2) Firstborns don't have an example to follow. That 22 month old girl I just mentioned has a 4 year old sister who is very proud of her potty skills. Consequently, the 22 month old is super motivated. It took the 4 year-old quite a bit longer though.

3) Parental commitment is lacking. Neither myself or HubbyJD are hardcore 'potty train NOW.' If they do it at daycare, and not at home, then you won't get far.

Daycare understood and hadn't really intended on doing very much. They wanted to let Child1 work on sitting on the potty after meals and seeing if he did poop there, making sure he didn't get afraid of the potty, and learning the idea of wiping and flushing. It will probably be several months until Child1 is actually in a better state of readiness.

Other pieces of advice from JaneMD on this subject. Make sure your child isn't constipated. Miralax is fiber, not a drug, so don't feel like a failure if your child ends up on it. Painful stools tend to make children have stool withholding (trying not to poop) behavior which encourages more painful stools. It becomes very difficult to potty train in those cases.

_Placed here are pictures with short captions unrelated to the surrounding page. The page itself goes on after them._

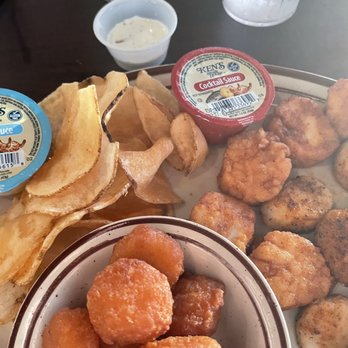 The Lake House - Scallops, hush puppies, and raw fries. - Seafood Near Me - Santee, South Carolina The Lake House - Scallops, hush puppies, and raw fries. - Seafood Near Me - Santee, South Carolina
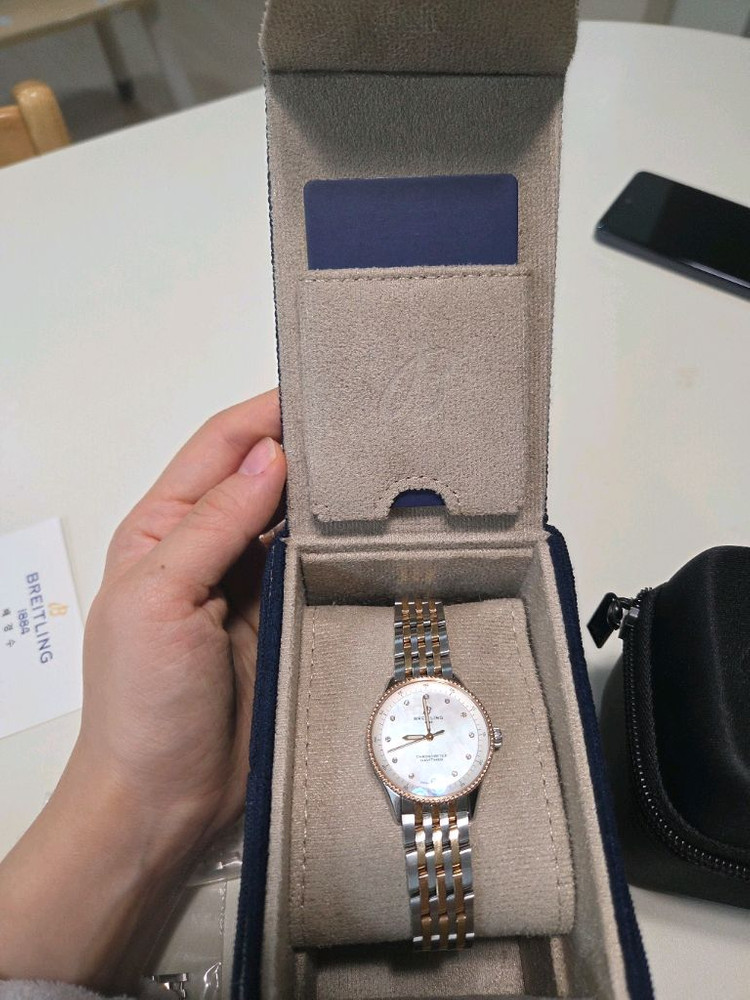 브라이틀링 내비타이머 32 콤비 자개 다이아 풀박스--7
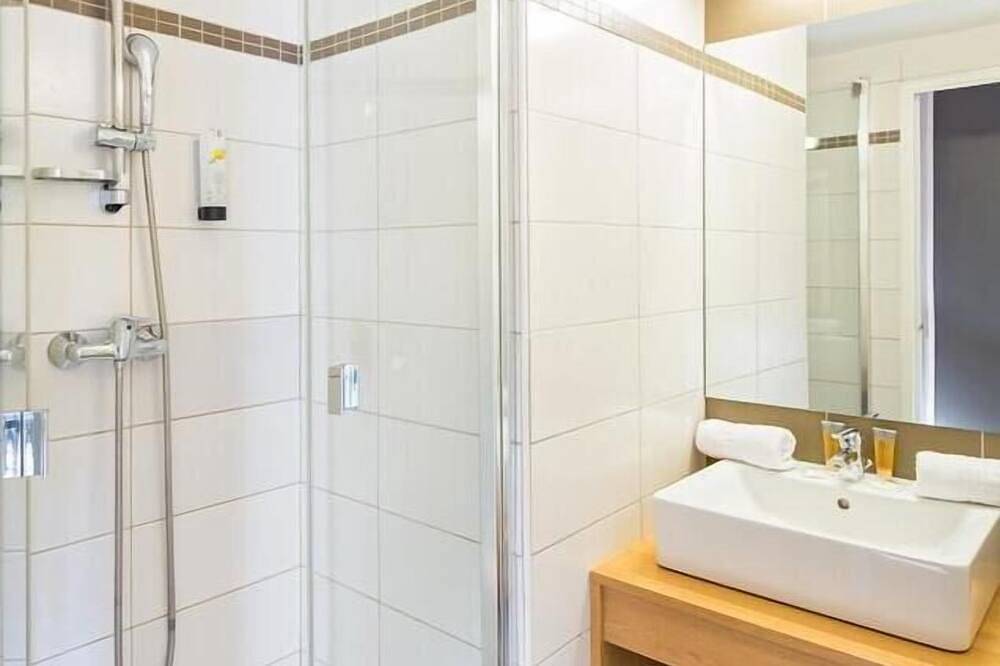 Ganze Wohnung, Bis 300m skipiste, balkon, parkmöglichkeiten, fernseher, schließfach für die skier, 25m², Pra Loup in Pra-Loup, Uvernet-Fours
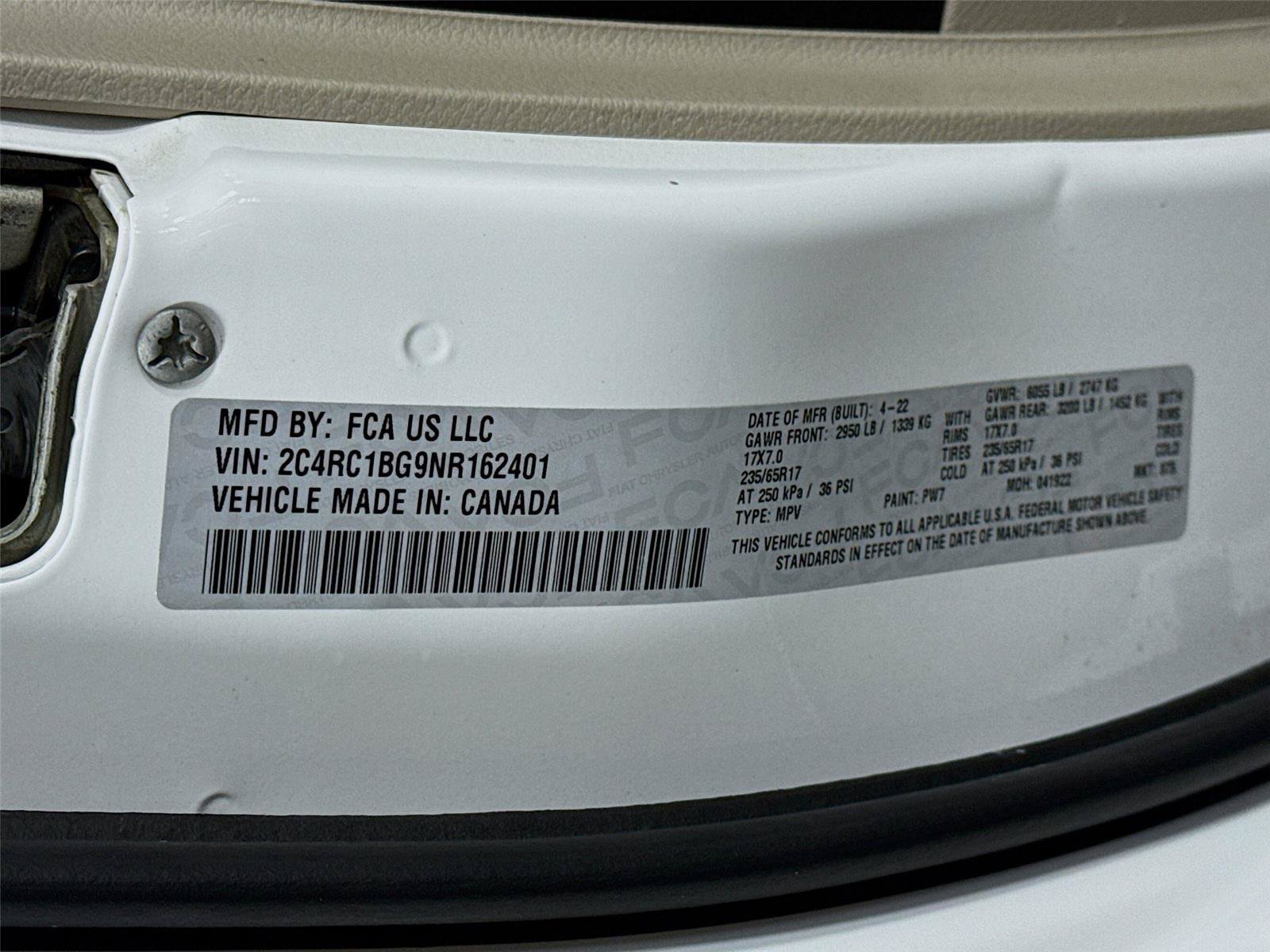 Used 2022 Chrysler Pacifica Touring-L FWD image 25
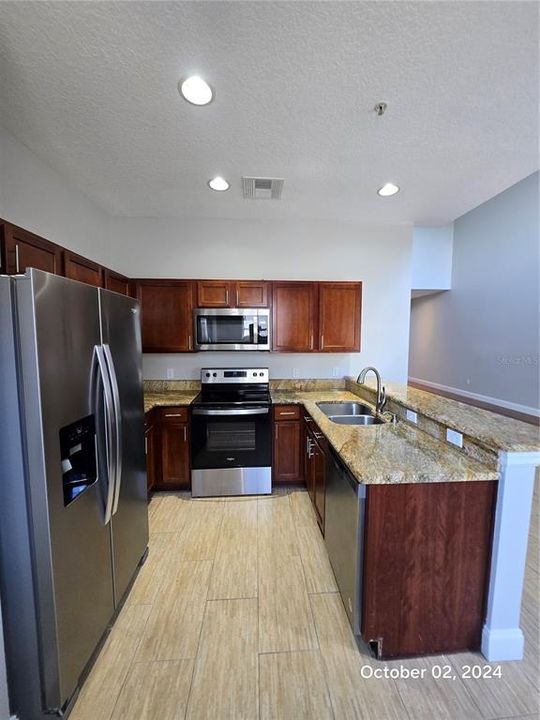 For Rent: $2,320 (3 beds, 2 baths, 1570 Square Feet)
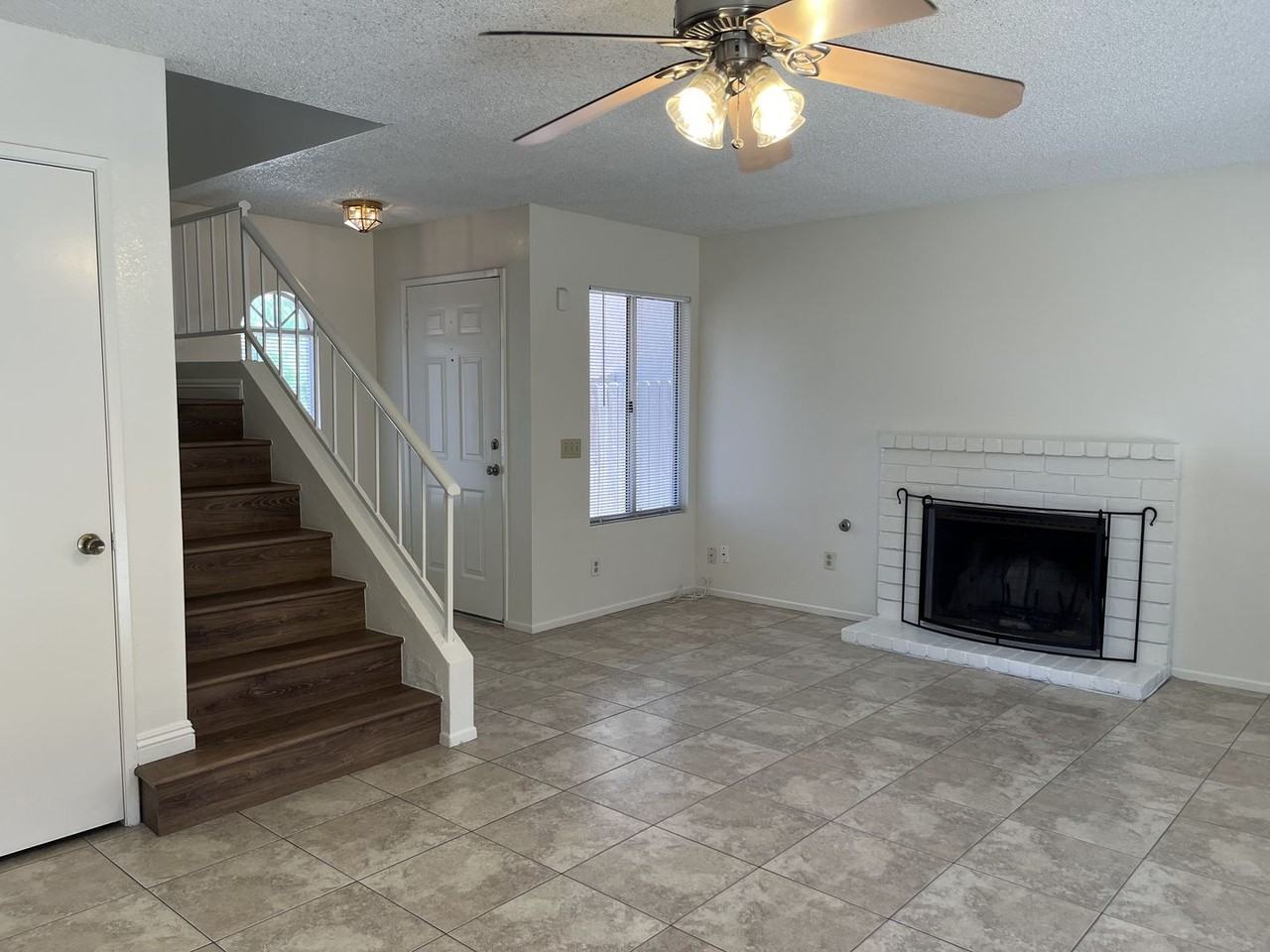 2038 Medical Center Dr - Photo 2 of 20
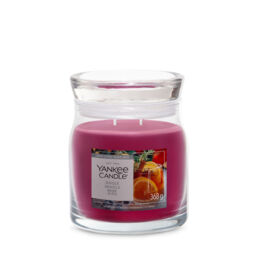 Jingle Mingle Candle Signature Medium Jar Candle Yankee Candle, Medium Red - Fruity - thumbnail 1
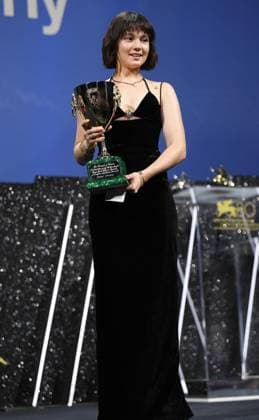 September 9, 2023, VENICE: US actress Cailee Spaeny holds the Volpi Cup (Coppa Volpi) Award for Best Actress for her performance in the movie Priscilla during the closing ceremony of the 80th annual Venice International Film Festival, in Venice, Italy, 09 September 2023. The 80th edition of the Venice Film Festival runs from 30 August to 09 September 2023. ANSA CLAUDIO ONORATI. VENICE  - ZUMAa110 20230909_zaf_a110_089 Copyright: xClaudioxOnoratix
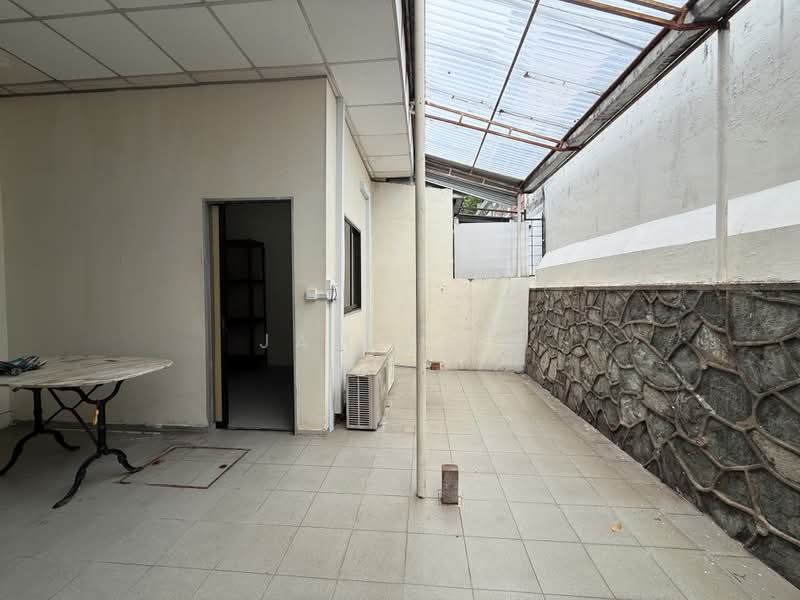 Jalan Lada Puteh, , 5 Bedrooms, 2,200 sqft, Terraced House For Sale, by Jamie He, 500217395 - Exterior - PropertyGuru.com.sg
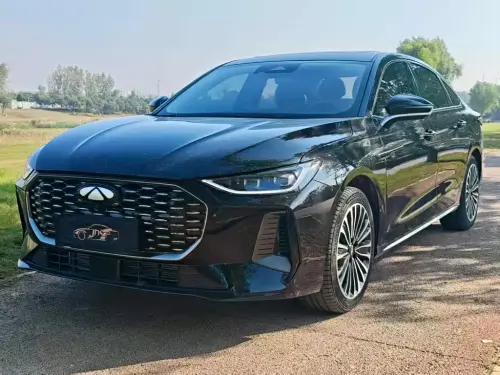 Chery Fulwin A8, 2025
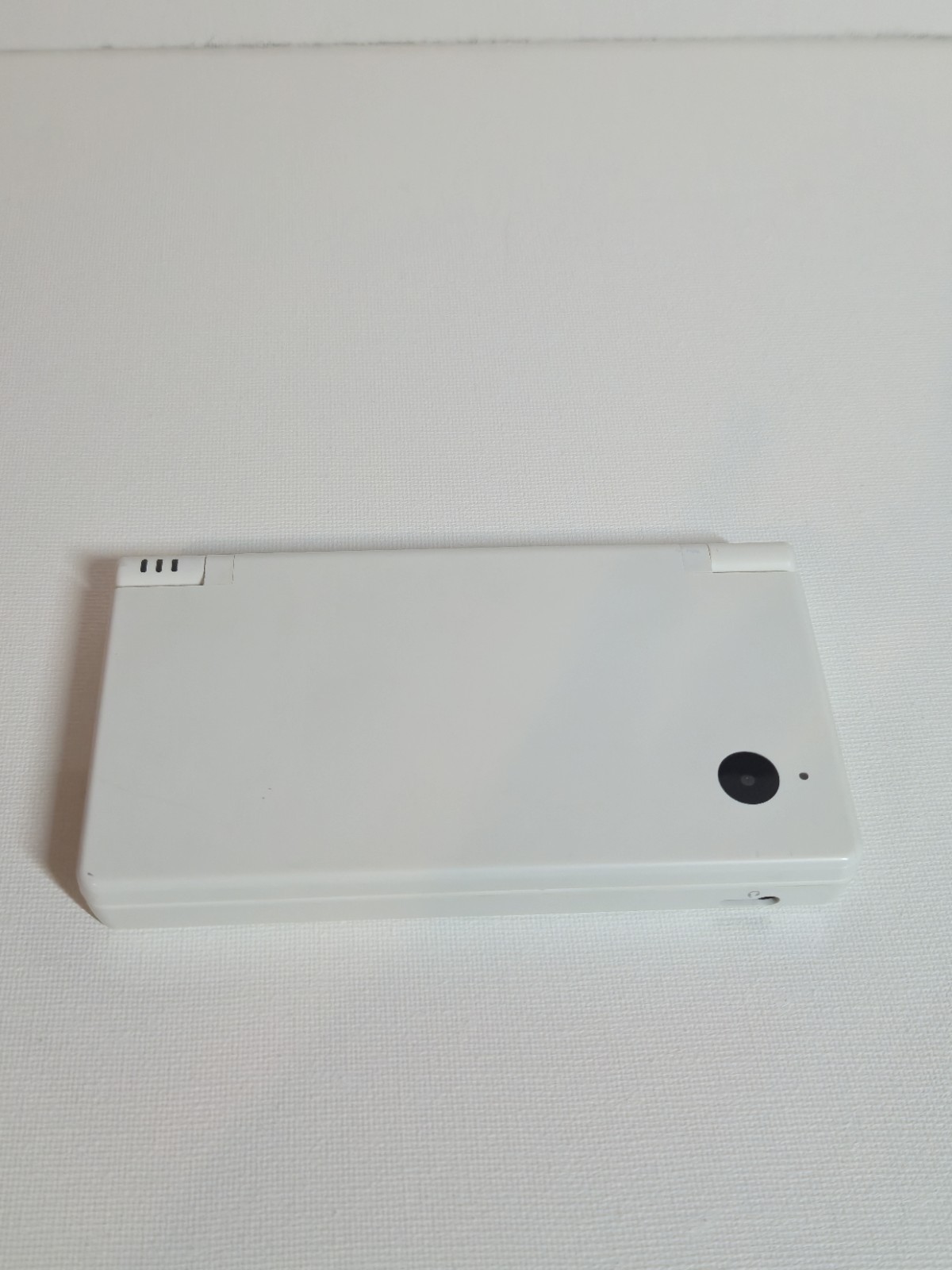Nintendo DSi White Handheld Console NTSC-J w/ Stylus, 16gb Samsung SD Card
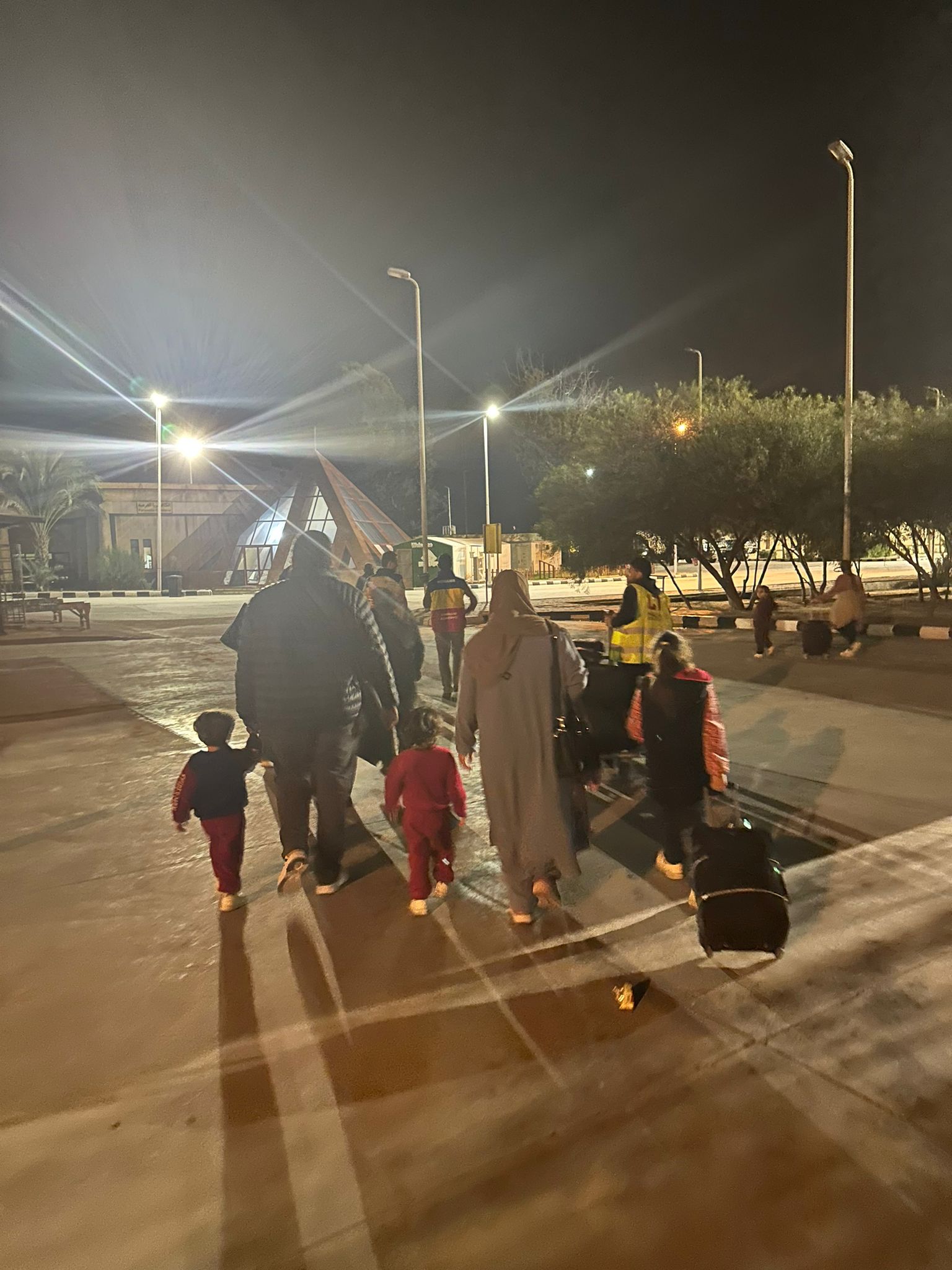Alți 12 români au fost evacuaţi din Fâşia Gaza și vor ajunge în România. Câți au mai rămas de adus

Try to use the child's natural physiology. The best time to go potty is after eating a meal because the gastrocolic reflex is working then. Gastrocolic reflex is why you feel the urge to go to the bathroom during your meal or right after. 

Don't spend a ton of money on the 'magical singing self flushing potty.' You didn't train on an electronic potty. The more the potty seems like a toy; the more it will be treated that way. Books, however, are perfectly welcome as a method of relaxing. It works on adults, too.

Say it with me, 'potty training is WAY more important to the parent than the child.' Your child, while not enjoying being wet and poopy, is only motivated to change because YOU care. Your child doesn't know any different so why would he/she spend energy on it? If you want an amusing potty training story about motivations, read Parenteconomics. The dad tries numerous ways to motivate his kids to potty train - and most of them backfire - until he outsources the problem to daycare by his third child. I personally have trouble keeping Child1 on the toilet to relax long enough to poop because Child2 is wandering the house while I supervise potty time.

So keep your cool and remember that almost every healthy child will be potty trained before 4 years old and it is not a reflection of you if your kiddo takes his/her time. When your child is doing an exclusive interview twenty years from now for inventing warp drive, she/he will not be recounting triumph over adversity because you didn't buy the most expensive potty. He/she will be recounting your attitude if you become a toilet-training tyrant.
(P.S. Alot of naked toddlers come up when you use goodsearch to look for 'potty.' Don't let it be your kid!)